SECURITIES AND EXCHANGE COMMISSION
                     WASHINGTON, D.C. 20549



                            FORM 8-K



                         CURRENT REPORT




             Pursuant to Section 13 or 15(d) of the
                 Securities Exchange Act of 1934



               Date of Report: December 19, 1997



                   KEYSPAN ENERGY CORPORATION
     (Exact name of registrant as specified in its charter)




        NEW YORK                  1-14508        11-3344628    
(State or other jurisdiction   (Commission    (I.R.S. Employer
of incorporation or             File Number)   Identification No.)
organization)







One MetroTech Center,Brooklyn, New York          11201-3850
(Address of principal executive offices)         (Zip Code)

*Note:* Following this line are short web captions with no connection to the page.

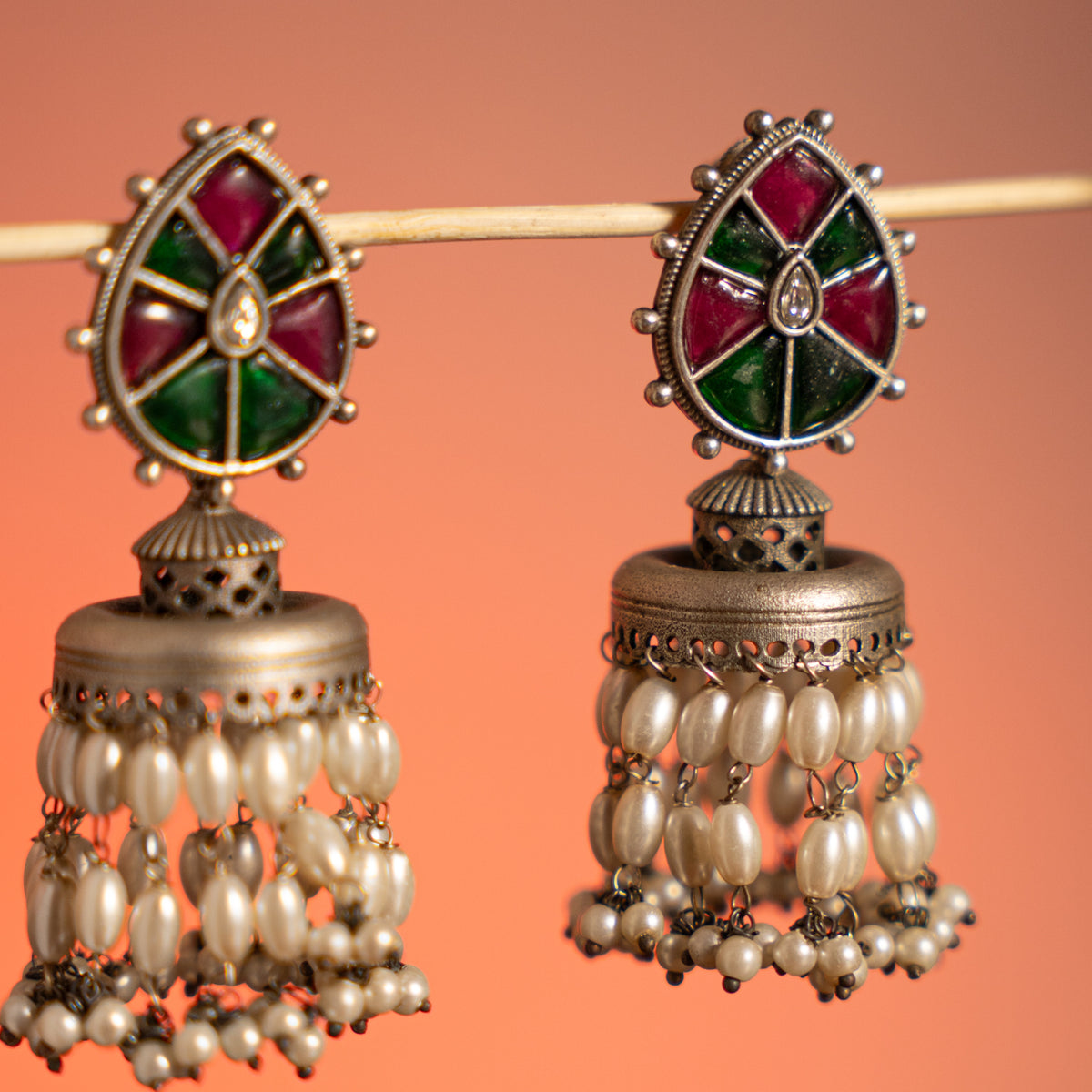 DAMINI FAUX SILVER ANTIQUE SEMI HANDMADE  EARRINGS/JHUMKAS ER753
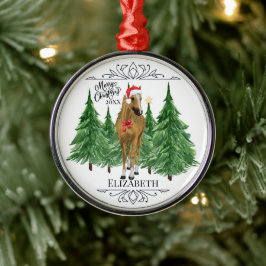 Adorno Metálico Navidad personalizada en acuarela de caballo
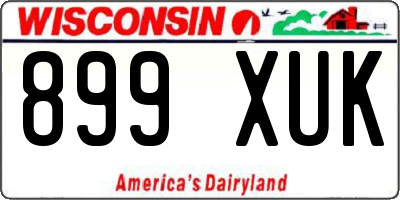 WI license plate 899XUK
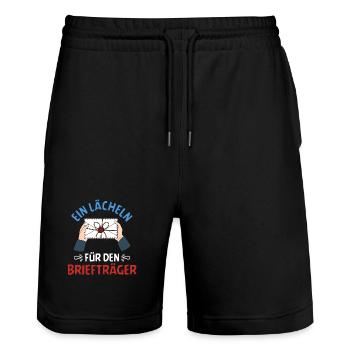 Postmen A SMILE FOR POSTMEN FUNNY - Stanley/Stella Trainer Unisex Organic Jogging Shorts - black - Front - Nik (191cm) & Marisol (170cm)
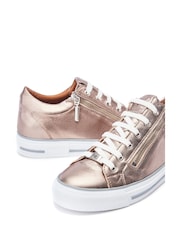 Moda in Pelle BRAMLEIGH HIDDEN WEDGE LEATHER TRAINER WITH SIDE ZIP DETAIL - Image 4 of 4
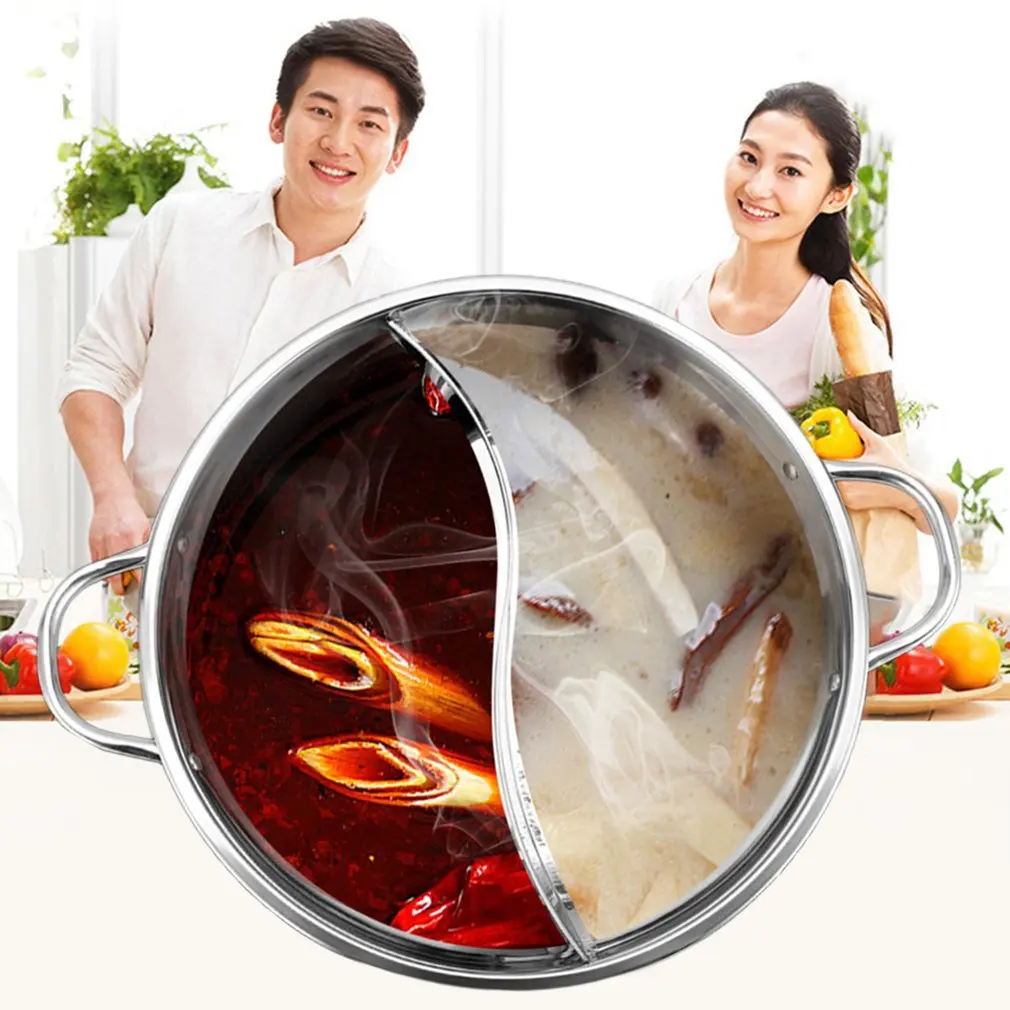 1pc Cooking Pot Stainless Steel Single-Layer Cooking Pot 30cm Double Ear Duck Mandarin Fondue Hot Pot Cooking Pot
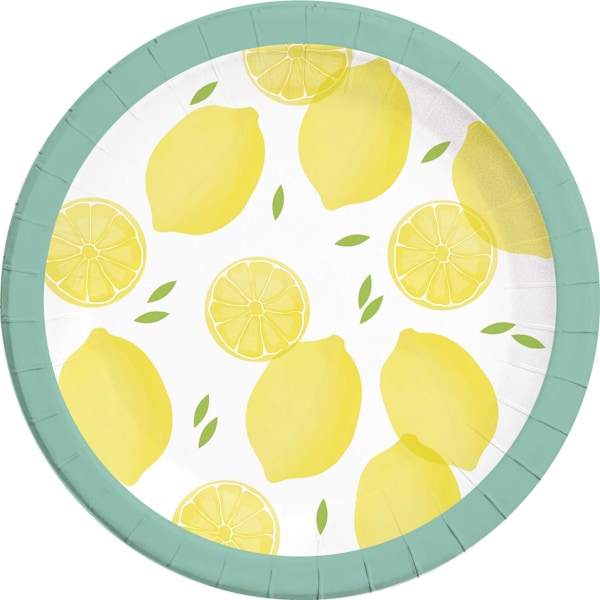 Procos engångstallrikar med citronmotiv (8-pack) One Size Gul/Turkos Yellow/Turquoise/White One Size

Registrant's telephone number, including area code (718) 403-1000



                                 

Item 5.   Other Events

The Company is filing this Current Report on Form 8-K to provide
unaudited pro forma combined condensed financial information for
KeySpan and Long Island Lighting Company (LILCO) at September 30,
1997 and for the twelve months ended September 30, 1997 in order to
give effect under the purchase method of accounting to the
transactions summarized in Exhibit 99.1 hereto and in the
assumptions set forth in the notes thereto.

Based on current facts and circumstances, KeySpan and LILCO believe
that the applicability of the purchase method of accounting is
probable.  If the LIPA Transaction is not consummated, it is
possible that the combination between KeySpan and LILCO would
qualify for the pooling of interests method of accounting.

The unaudited pro forma combined condensed financial information
set forth in Exhibit 99.1 to this Current Report on Form 8-K
reflects the condensed consolidated financial information of
KeySpan and LILCO contained in KeySpan's Form 10-K Report filed
December 19, 1997 and LILCO's Form 10-Q Report filed on November
11, 1997, which Quarterly Report of LILCO is attached hereto as
Exhibit 99.2.  Exhibits 99.1 and 99.2 are hereby incorporated by
reference in response to this Item 5.

Item 7.   Financial Statements, Pro Forma Financial Information 
          and Exhibits

The unaudited pro forma combined condensed financial information
and LILCO's Quarterly Report on Form 10-Q filed on November 11,
1997, referred to above in Item 5 and incorporated herein by
reference, are attached hereto as the following Exhibits:

Exhibit
Number

 99.1     Unaudited pro forma combined condensed financial
          information for KeySpan and LILCO at September 30, 1997
          and for the twelve months ended September 30, 1997.
  
 99.2     LILCO 10-Q Report for the quarter ended September 30,
          1997.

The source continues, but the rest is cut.